Re: [RFC][PATCHSET] VM_FAULT_RETRY fixes

Linus Torvalds <torvalds@xxxxxxxxxxxxxxxxxxxx> · Tue, 31 Jan 2023 12:24:54 -0800

[ Adding Peter Xu to the participants, he did a lot of "add generic
helpers" code a few years ago. Peter, see

    https://lore.kernel.org/linux-arch/Y9lz6yk113LmC9SI@ZenIV/

  for context ]

On Tue, Jan 31, 2023 at 12:03 PM Al Viro <viro@xxxxxxxxxxxxxxxxxx> wrote:
>
> However, it never had been done on a bunch of architectures - the
> current mainline still has that bug on alpha, hexagon, itanic, m68k,
> microblaze, nios2, openrisc, parisc, riscv and sparc (both sparc32 and
> sparc64).  Fixes are trivial, but I've no way to test them for most
> of those architectures.

Gaah. The patches look simple and "trivially correct", but I hate how
we duplicate basically the same (complicated) logic across
architectures.

Peter improved a bit on things, but I think we could do better.

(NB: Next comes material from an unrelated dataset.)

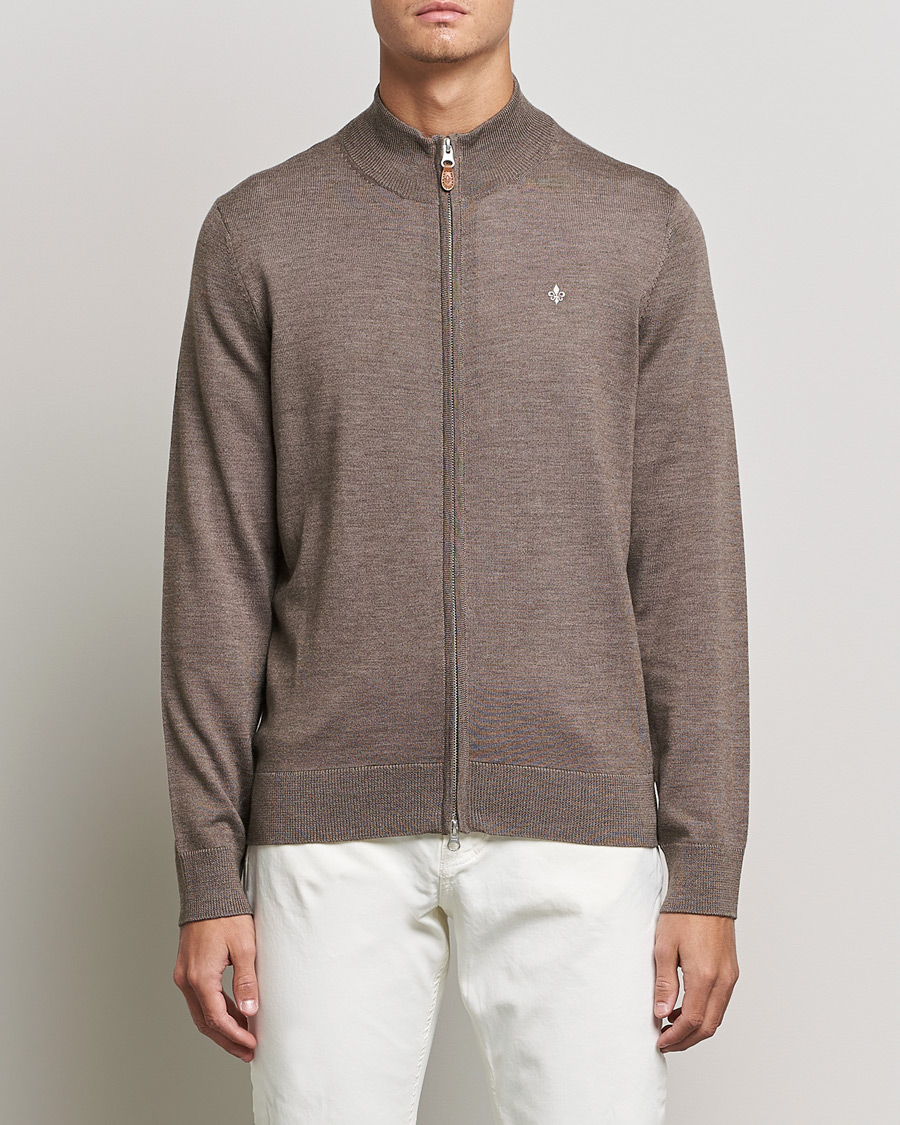 Hombres | Jerséis y prendas de punto | Morris | Merino Zip Cardigan Brown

Yes, all architectures basically have their own special code for
special error registers etc, and for various errata and/or special
handling for vmalloc addresses of vdso's etc.

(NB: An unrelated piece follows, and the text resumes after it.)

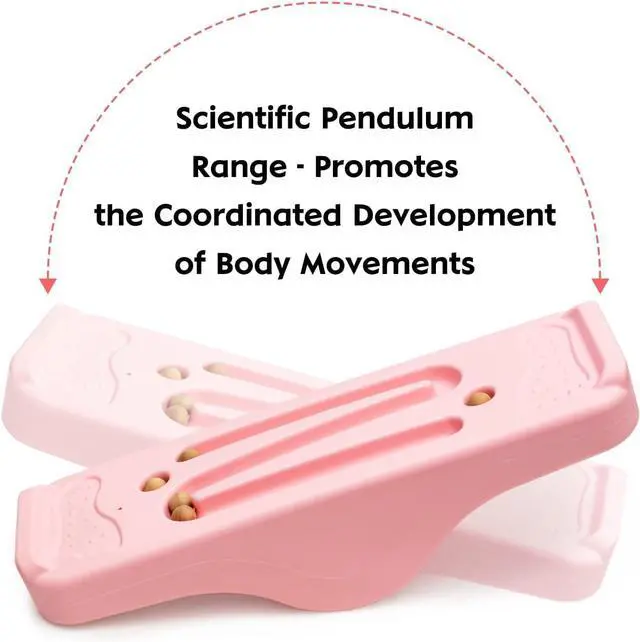 Alt view image 4 of 7 - Kids Rocking Seesaw Balance Board with 5 Wooden Balls Sensory Training Rocking Board Balance Training Equipment Children Indoor Outdoor Activity Toy (Pink)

And they aren't always translated to the generic flags, looking at
alpha, for example, we have code like this:

        si_code = SEGV_ACCERR;
        if (cause < 0) {
                if (!(vma->vm_flags & VM_EXEC))
                        goto bad_area;
        } else if (!cause) {
                /* Allow reads even for write-only mappings */
                if (!(vma->vm_flags & (VM_READ | VM_WRITE)))
                        goto bad_area;
        } else {
                if (!(vma->vm_flags & VM_WRITE))
                        goto bad_area;
                flags |= FAULT_FLAG_WRITE;
        }

because it uses the alpha internal "cause < 0" logic, instead of
having translated it into FAULT_FLAG_INSTRUCTION.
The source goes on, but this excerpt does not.